The deeper we dig into that mystery, the more we’re likely to conclude that resurrection doesn’t simply undo death. It doesn’t just restore what was there before. The one who’s resurrected isn’t even immediately recognizable by those left behind. They mistake him for the gardener (John 20:15), or for a random stranger on the road (Luke 24:16), or for someone who suggests casting the net on the other side of the boat (John 21:4). He passes through locked doors and suddenly just appears (John 20:19).

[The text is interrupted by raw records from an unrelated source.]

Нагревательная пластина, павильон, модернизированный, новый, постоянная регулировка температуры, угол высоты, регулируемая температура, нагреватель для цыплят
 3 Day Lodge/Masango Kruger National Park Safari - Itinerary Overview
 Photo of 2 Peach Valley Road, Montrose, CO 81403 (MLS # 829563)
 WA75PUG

Yet he’s flesh and blood, with recognizable wounds.
Maybe the stories we tell about Jesus of Nazareth also offer lessons about our relation to spiritual traditions: about clinging to them, about letting go of them, about finding ourselves opened to look in unexpected places for the presence of Life, about walking away from empty tombs.
Sometimes, to see Life when it’s in front of us, new and yet strangely familiar, the religious certainties we were handed as kids are themselves the veil over our eyes that we’ve needed to remove. Some of us have found that Christianity itself, with all its homophobic baggage, has become the empty tomb we’ve needed to walk away from, when we’ve heard the angel say, “He’s not here.”
Some of us have experienced the presence of risen Life in places the Sunday School lessons of our childhood could never have allowed us to predict: in a gay men’s Buddhist sangha; at a faerie Beltane gathering; on a massage table; paradoxically, at the bedside of a dying friend; on a dance floor; at a march on Washington; in the arms of a man who's become a lover before he’s shared his name; at the table of someone you’ve known most of your life; alone on a mountainside at sunset.
Sometimes we have to stop focusing so relentlessly on where we expected to see Life. There it is, in the background behind what we’ve been staring at. Or just a few degrees off to the side. Or in a tradition that isn’t our own, that can speak to us not because it’s more authentic than our own spiritual roots, but because it surprises us, or because we come to it without the stumbling blocks of long and sometimes painful acquaintance. The trick then is to see that what at first glance looks so different from what we’ve lost turns out to be the gracious return of what gave us life from the very beginning. To say, in response to hearts that burn within us, “Oh--it’s You again.”